You don't need one. Earlier VW's (MK1s) had smaller throttle bodies and could benefit from a bigger throttle body, the throttle body you were offered was probably intended for a MK1. The MK2 has a considerably larger throttle body, then the MK1, pretty big enough for most applications.


----------



## dubblicious (Aug 24, 2007)

http://www.scientificrabbit.com/node/24
read and learn


----------



## RockstarNoguitar1987 (Dec 10, 2008)

*Re: (dubblicious)*

how yhe hell does that help thats for mk1 this is mk2 8v


----------



## eightwaysanta (Oct 17, 2004)

*Re: (RockstarNoguitar1987)*

Ya if its a stock motor I don't think you'll benifit much from a larger TB unless you have some kind of forced induction.
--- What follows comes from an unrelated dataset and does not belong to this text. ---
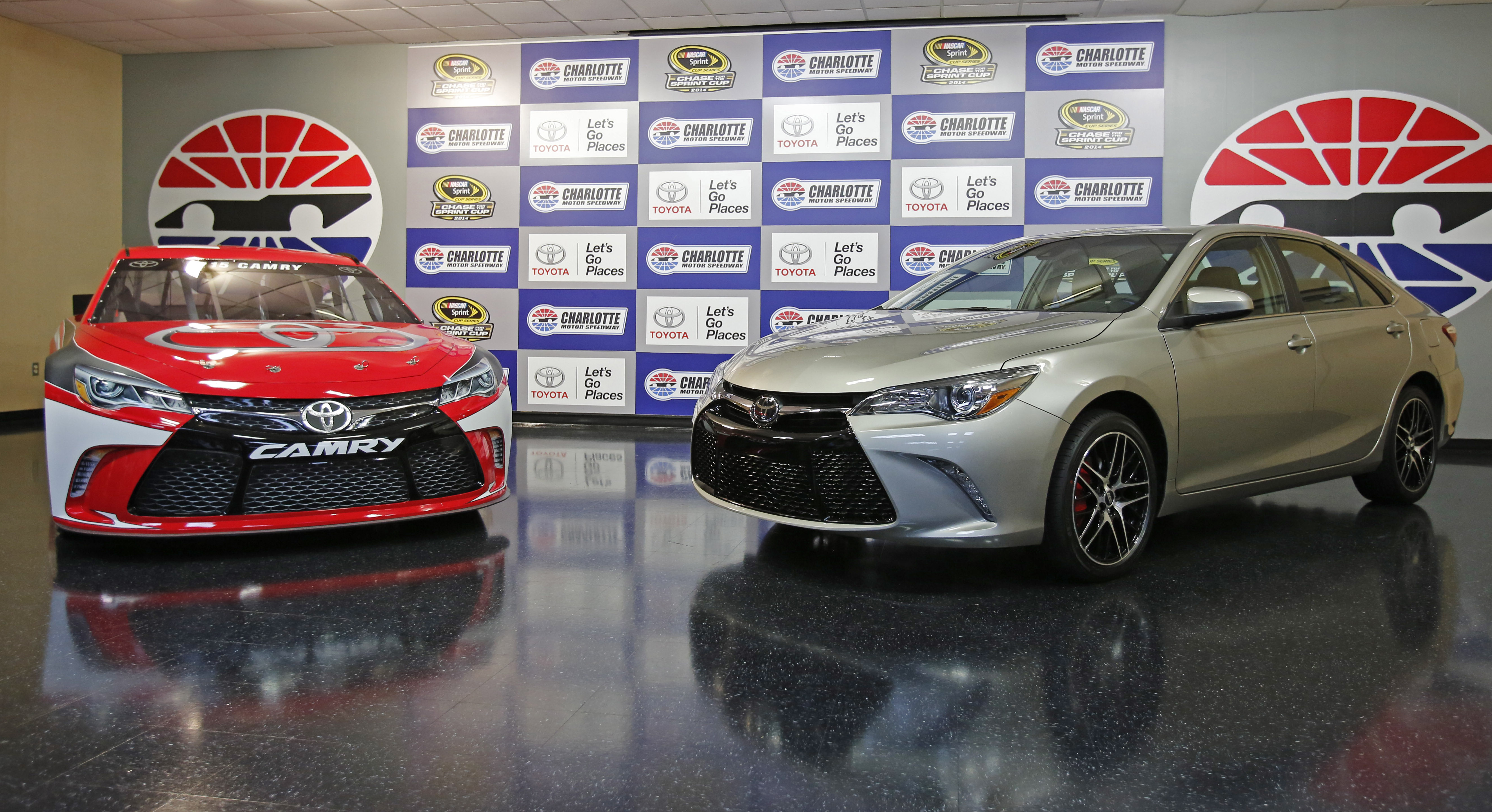 Toyota unveils 2015 Camry for NASCAR competition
I thought neuspeed or autotech had these back in the day?


----------



## ABA Scirocco (May 30, 2001)

*Re: (eightwaysanta)*

The Neuspeed throttle bodies were for the MK1s, they are EXACTLY the same size as an MK2 throttle body.


----------



## iamdagerman (Feb 19, 2006)

*Re: (ABA Scirocco)*

I had to do I slight modification to the mk2 linkage for it accept mk1 linkage. As to it making no difference, it most definitely does!!! It gives way better throttle response and I think better drive-ability also!


----------



## eightwaysanta (Oct 17, 2004)

*Re: (iamdagerman)*

Weird since your replacing the TB with the same size stock one. Maybe your secondary on your original one wasn't opening up all the way, linkages tend to sieze up on the secondary.


----------



## ABA Scirocco (May 30, 2001)

*Re: (eightwaysanta)*


_Quote, originally posted by *eightwaysanta* »_Weird since your replacing the TB with the same size stock one. 

No he wasn't, an 89 Cabby is a MK1, complete with the smaller secondary.
BTW, the MK1 has a 44mm secondary, the MK2 has a 52mm secondary.


----------